Una delle prime domande che gli orbetellani si sono fatti è “come sia possibile che quella pala sia finita nelle mani di un privato che l’ha messa in vendita a 2mila euro”? Dalle rive della laguna, quindi, la pala è arrivata a Napoli e poi è stata messa in vendita con l’idea di farla tornare a casa visto che l’annuncio era in un gruppo locale. Non si tratta di una pala spagnola ma di un manufatto di datazione recente, intorno agli anni 2000, che quindi non ha alcun valore storico e archeologico.

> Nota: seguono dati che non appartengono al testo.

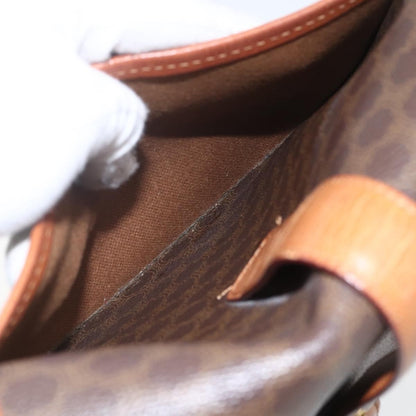 Celine Vintage Macadam Shoulder Bag Canvas and Leather, BROWN, PVC, Shoulder bag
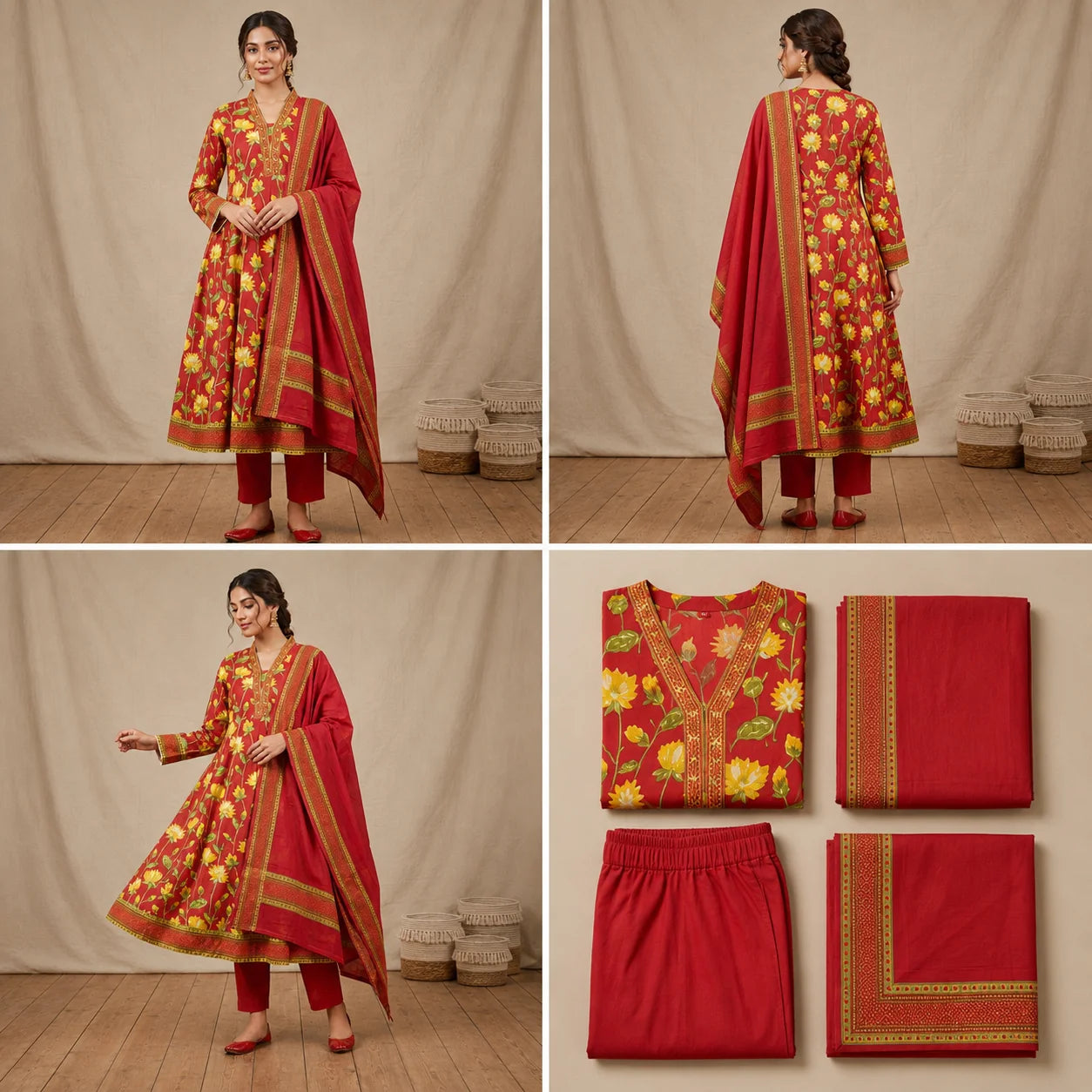 Women's Red Floral Printed Anarkali Kurta Pant Set with Dupatta
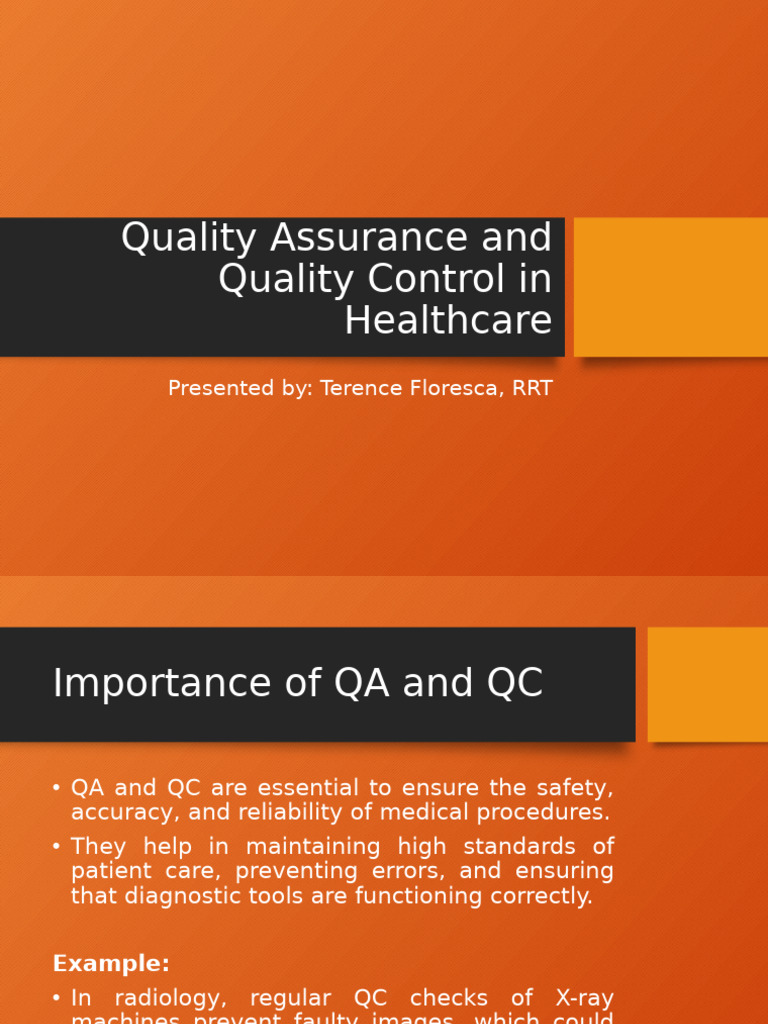 Quality Assurance & Control in Healthcare | PDF | Quality Assurance ...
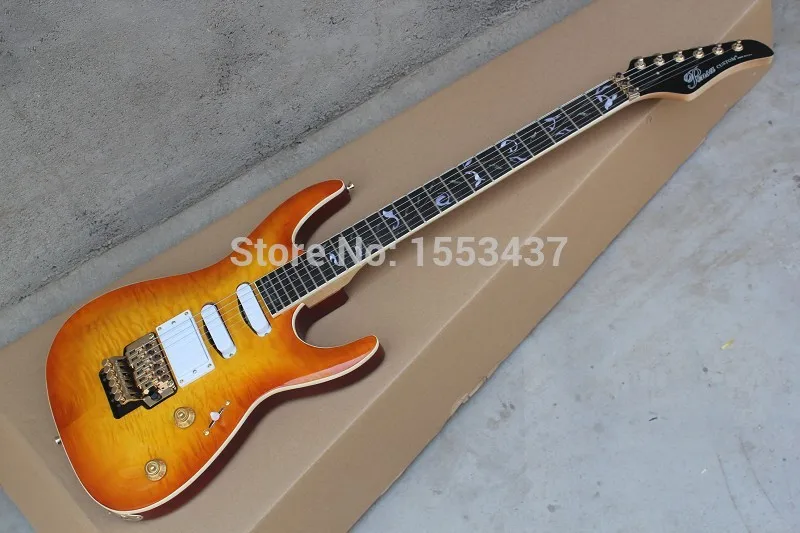 

Free shipping Top quality Pensa custom orange electric guitar with golden hardware SSH pickups made in usa hott3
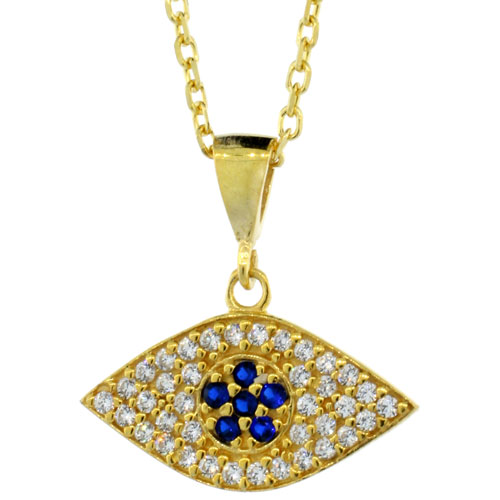 Sterling Silver Cubic Zirconia Evil Eye Necklace Gold Plated 17 inch Necklace 3/4 inch (20 mm)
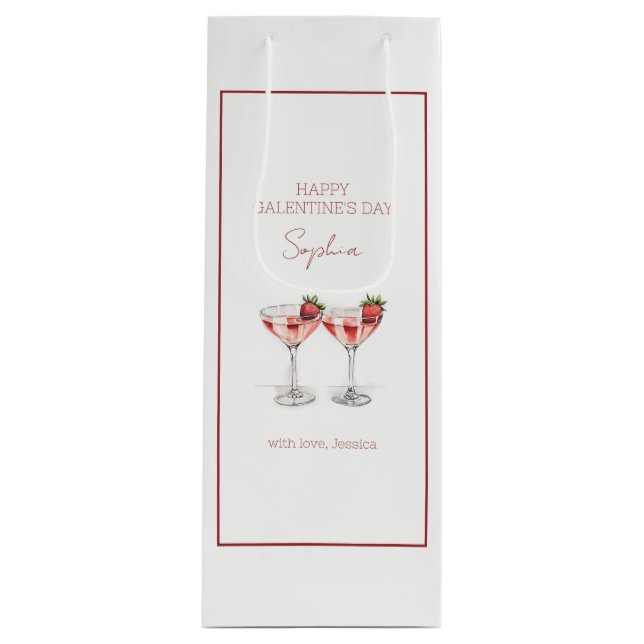 Bolsa Para Vino Happy Galentine's Day Cocktails Script Name (Anverso)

Secondo quanto appare nella foto del venditore, quella messa in vendita sarebbe una delle due pale del Molino cadute in acqua durante una giornata di maltempo. Era il 2023. Le pale poi furono recuperate e un anno dopo fu dato l’incarico per realizzarne delle nuove. Resta da capire come sia stato possibile che la pala sia stata ceduta, da chi. Dopo la pubblicazione dell’annuncio sul gruppo locale e i relativi commenti di polemica, il post è stato rimosso. C’è stato, quindi, chi ha ipotizzato che qualcuno abbia consigliato al privato di togliere l’annuncio. Troppo tardi però.

Al tempo dello screenshot rapido, il post è stato salvato da molti utenti compreso il sindaco di Orbetello Andrea Casamenti, il primo al quale i cittadini hanno chiesto chiarimenti visto che la pala fa parte di un manufatto che è nel patrimonio dell’ente lagunare. «La pala è una riproduzione di inizio anno 2000 – ha commentato il sindaco su Facebook – e chiaramente non ha un valore storico ma solo affettivo. Ma non è questo il punto. La pala in questione è stata sostituita da quelle nuove fatte realizzare dalla nostra amministrazione dopo che le precedenti erano rimaste danneggiate dal vento. Tra domani e dopo domani (oggi e domani per chi legge) provvederemo chiaramente alla denuncia ai carabinieri, dato che il proponente la vendita, nel post ha un nome e un cognome ed è facilmente individuabile».

La certezza è una: della pala messa in vendita in riva alla laguna si parlerà ancora a lungo fino a che la vicenda non sarà chiarita da chi di competenza.